YOUR ASSIGNMENT |
Each entry below needs to be retyped exactly as given.

Scraped caption text data:
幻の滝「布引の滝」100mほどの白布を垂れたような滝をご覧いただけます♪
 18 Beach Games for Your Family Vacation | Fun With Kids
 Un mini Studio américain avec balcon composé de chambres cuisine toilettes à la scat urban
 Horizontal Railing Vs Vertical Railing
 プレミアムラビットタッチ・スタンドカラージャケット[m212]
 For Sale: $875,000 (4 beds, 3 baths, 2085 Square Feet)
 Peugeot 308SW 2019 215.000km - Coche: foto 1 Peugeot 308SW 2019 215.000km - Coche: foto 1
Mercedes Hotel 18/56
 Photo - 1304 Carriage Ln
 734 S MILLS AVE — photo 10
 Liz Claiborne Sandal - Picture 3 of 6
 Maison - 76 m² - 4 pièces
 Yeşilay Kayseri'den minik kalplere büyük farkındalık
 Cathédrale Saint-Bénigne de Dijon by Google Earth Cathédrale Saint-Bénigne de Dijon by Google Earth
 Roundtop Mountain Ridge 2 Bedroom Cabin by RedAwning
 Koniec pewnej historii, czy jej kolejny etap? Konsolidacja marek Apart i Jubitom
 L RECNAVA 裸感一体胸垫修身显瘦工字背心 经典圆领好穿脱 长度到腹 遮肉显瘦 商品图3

ANSWER BELOW |
幻の滝「布引の滝」100mほどの白布を垂れたような滝をご覧いただけます♪
 18 Beach Games for Your Family Vacation | Fun With Kids
 Un mini Studio américain avec balcon composé de chambres cuisine toilettes à la scat urban
 Horizontal Railing Vs Vertical Railing
 プレミアムラビットタッチ・スタンドカラージャケット[m212]
 For Sale: $875,000 (4 beds, 3 baths, 2085 Square Feet)
 Peugeot 308SW 2019 215.000km - Coche: foto 1 Peugeot 308SW 2019 215.000km - Coche: foto 1
Mercedes Hotel 18/56
 Photo - 1304 Carriage Ln
 734 S MILLS AVE — photo 10
 Liz Claiborne Sandal - Picture 3 of 6
 Maison - 76 m² - 4 pièces
 Yeşilay Kayseri'den minik kalplere büyük farkındalık
 Cathédrale Saint-Bénigne de Dijon by Google Earth Cathédrale Saint-Bénigne de Dijon by Google Earth
 Roundtop Mountain Ridge 2 Bedroom Cabin by RedAwning
 Koniec pewnej historii, czy jej kolejny etap? Konsolidacja marek Apart i Jubitom
 L RECNAVA 裸感一体胸垫修身显瘦工字背心 经典圆领好穿脱 长度到腹 遮肉显瘦 商品图3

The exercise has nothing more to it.